With the correctly configured split tunnelling, only the traffic related to your LAN will be encrypted with VPN. That would reduce the pressure on your network resources and improve user experience.
3. Working Safely on Mobile Devices
If you’re working on your commute and you’re answering e-mails or accessing files on the company’s server on your corporate mobile using public Wi-Fi, your phone is vulnerable to data breaches.
Perhaps even more so that your laptop– there are many people around you, each of whom could be targeting the Wi-Fi to steal data!
If you’re working with confidential information and personal data on the company server, it’s visible to the ISP and is vulnerable.
That’s why it’s important to protect the data on both corporate computers and phones!
Installing a remote access VPN client on your corporate mobile would allow you to connect to the e-mail app and access the company server securely.
4. Compliance with Personal Data Laws
Many companies have to comply with the GDPR and other personal data laws and must introduce technical measures to protect the data they process.
A remote access VPN can restrict access of third parties to such personal data. The encryption tunnel would also allow your responsible employees to access and process the data securely.

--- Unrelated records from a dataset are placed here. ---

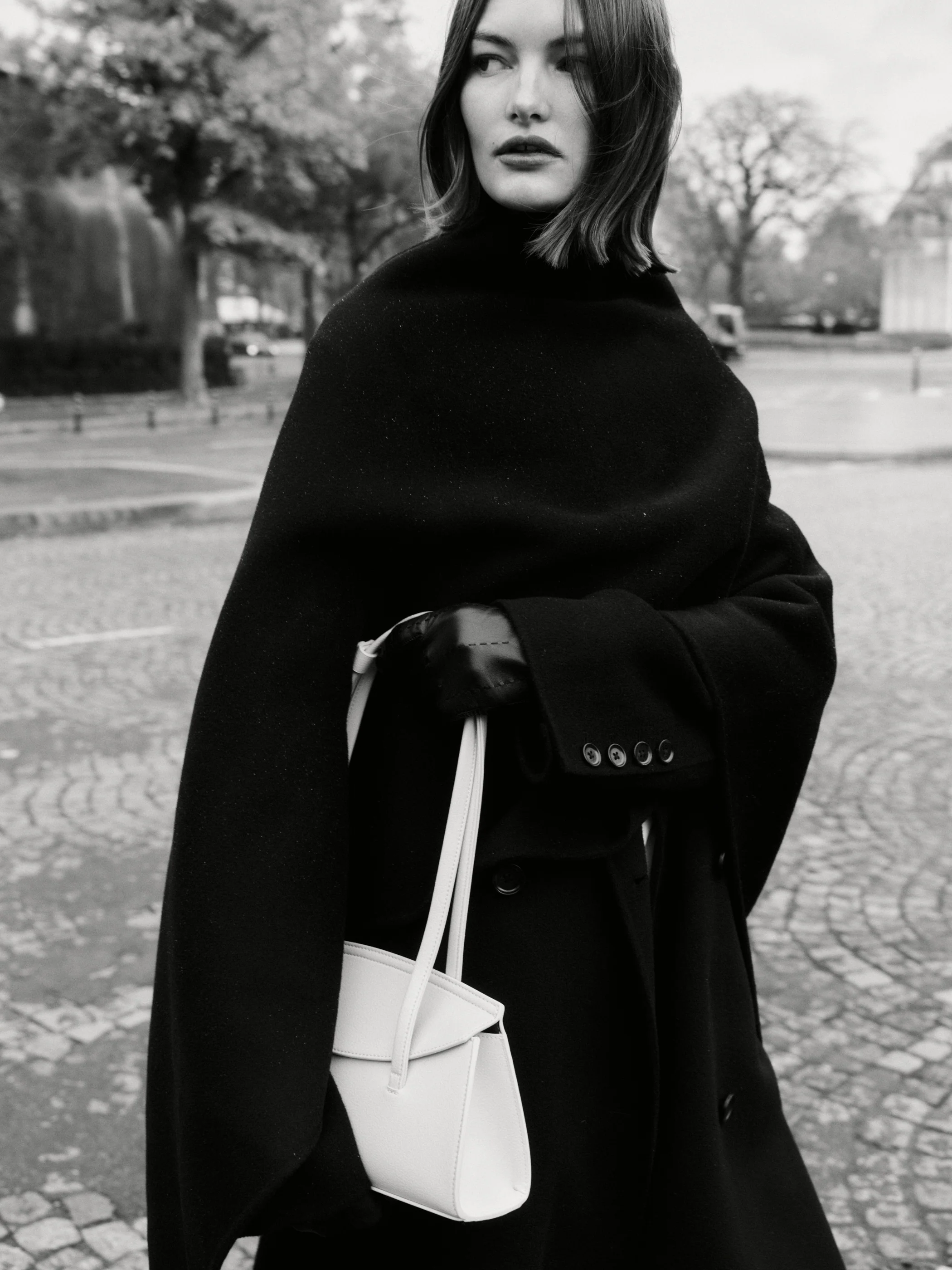 Caroline Bag Oat - Image 8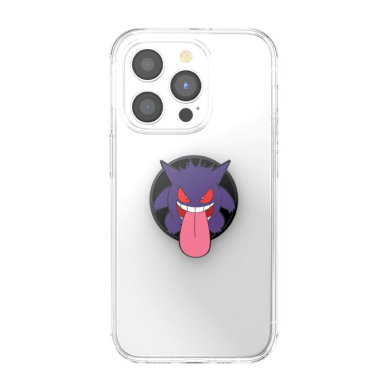 [Užsakomoji prekė] Laikiklis - Popsockets PopGrip - Pokemon Gengar Night Shade 3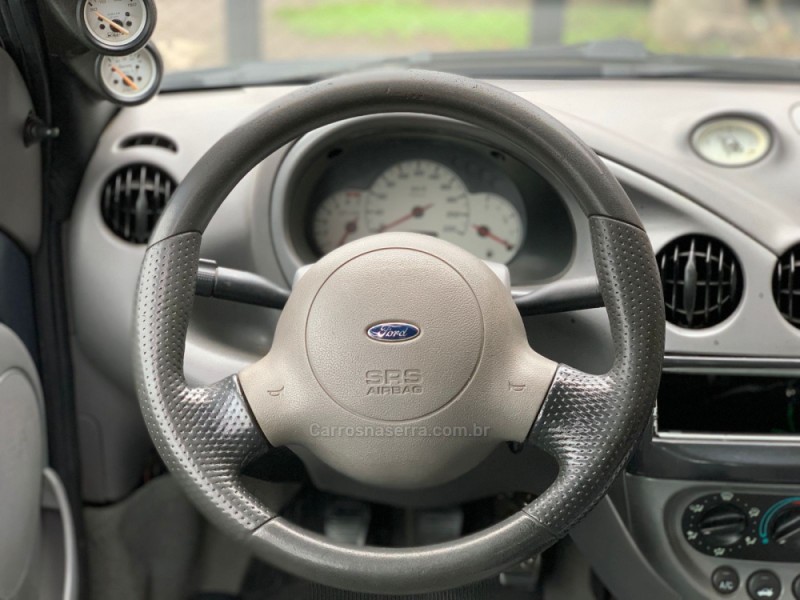 KA 1.0 MPI GL IMAGE 8V GASOLINA 2P MANUAL - 2002 - CAXIAS DO SUL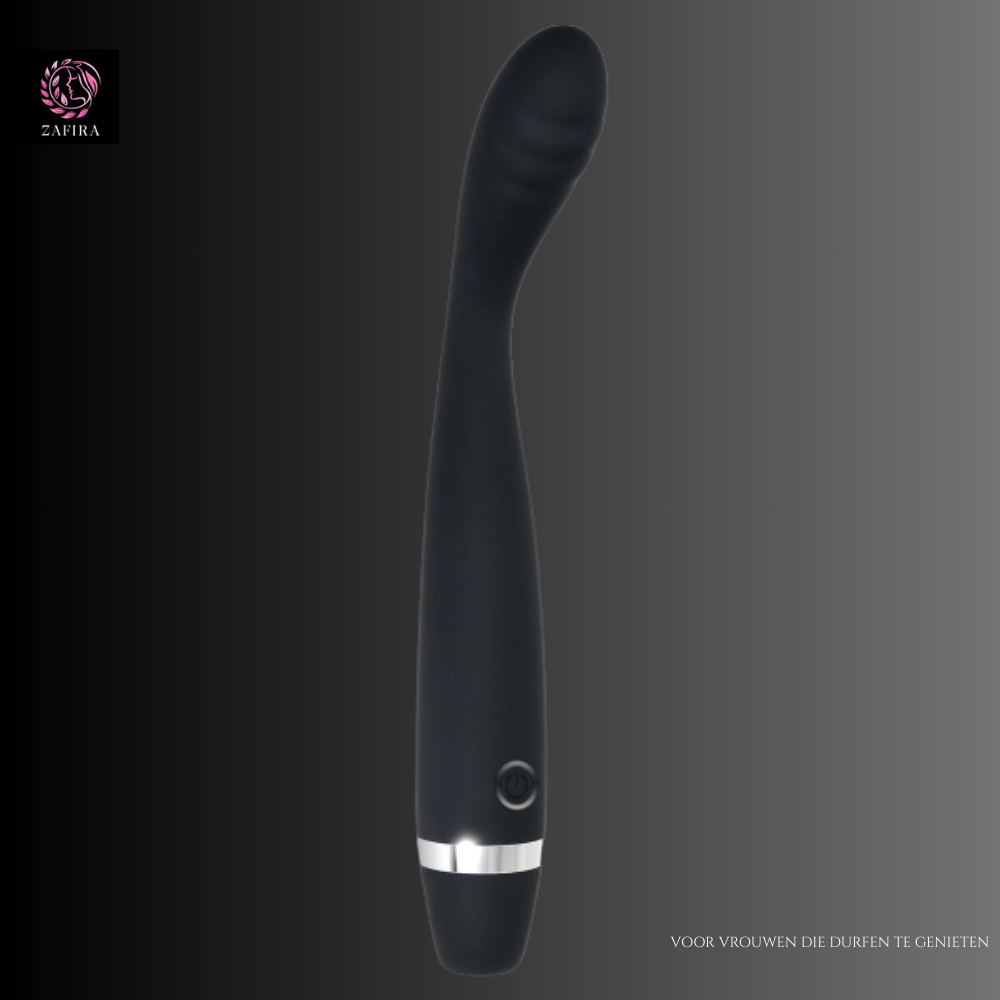 G-Spot Vibrator Evolved Black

This measure, if implemented correctly, can help you stay compliant with the law.
Conclusion – Can Your Business Benefit From a VPN?
Yes, your business can absolutely benefit from a VPN!
But it depends on the size, structure and products of your organization. For a smaller company or a company that uses remote workforce, you should consider remote access VPN.
If you’re with a large organization that’s mostly office-based and has service site clients that use your resources, look into site-to-site VPN offerings.